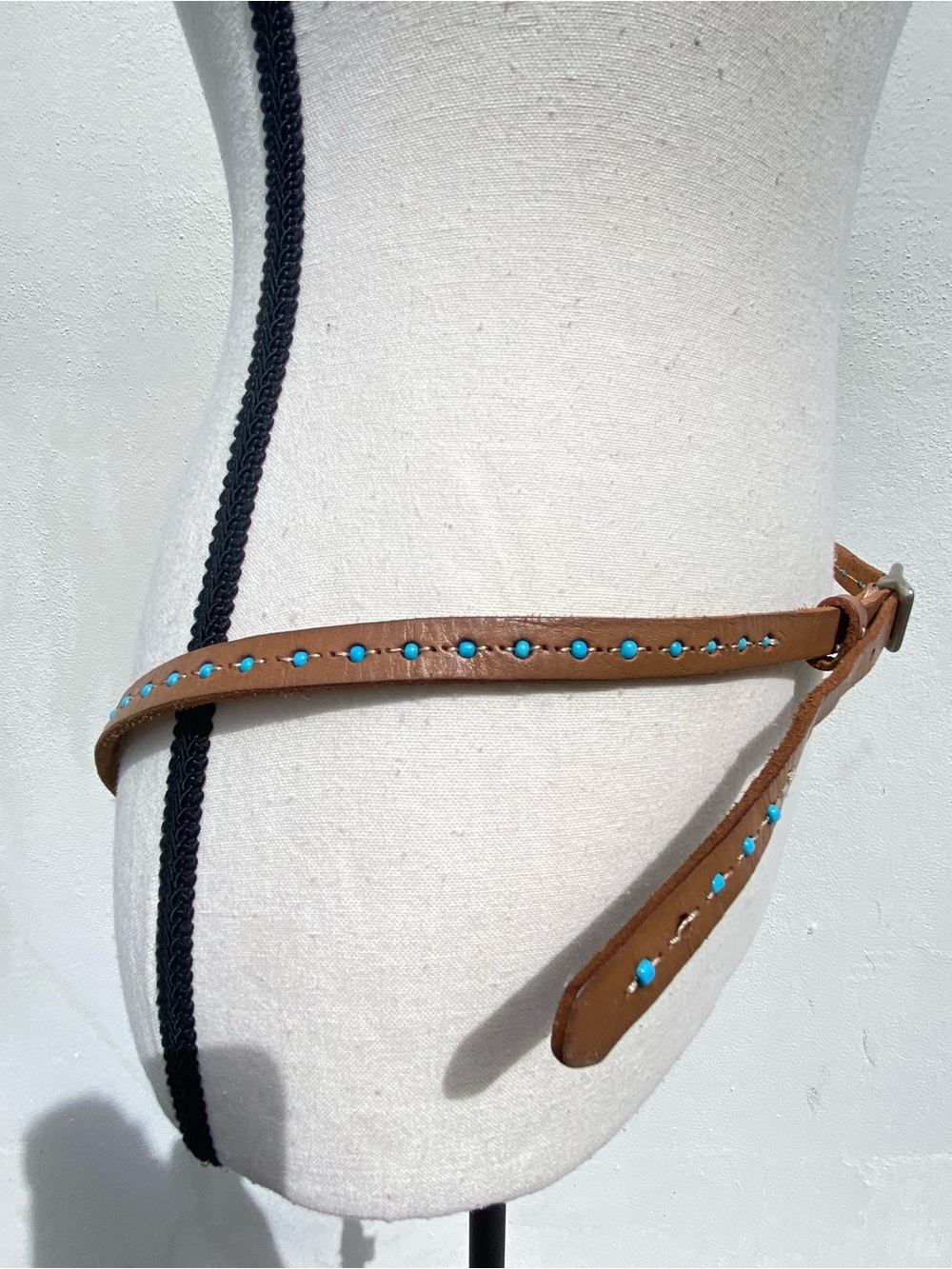 Tan & Turquoise Bead Genuine Leather Skinny Belt Size XL - Picture 3 of 6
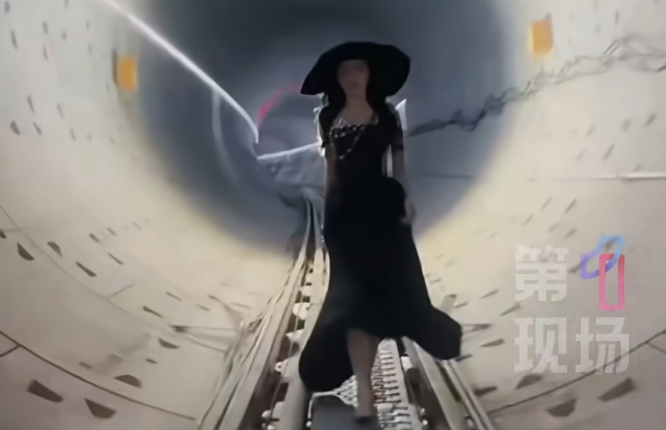 为拍“氛围感”,一女子擅闯深圳在建地铁隧道拍照,相关部门已介入调查 为拍“氛围感”,一女子擅闯深圳在建地铁隧道拍照,相关部门已介入调查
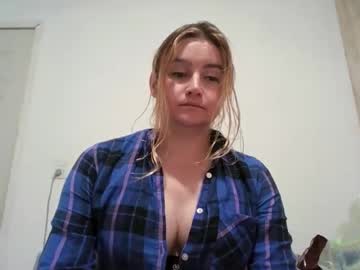 Vagimosa Chaturbate stream image from October 21, 2025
____
WHAT TO WORK ON
Return each line of the data, keeping its wording exact and omitting pictures.

EXERCISE RESULT
 Tan & Turquoise Bead Genuine Leather Skinny Belt Size XL - Picture 3 of 6
 为拍“氛围感”,一女子擅闯深圳在建地铁隧道拍照,相关部门已介入调查 为拍“氛围感”,一女子擅闯深圳在建地铁隧道拍照,相关部门已介入调查
 Vagimosa Chaturbate stream image from October 21, 2025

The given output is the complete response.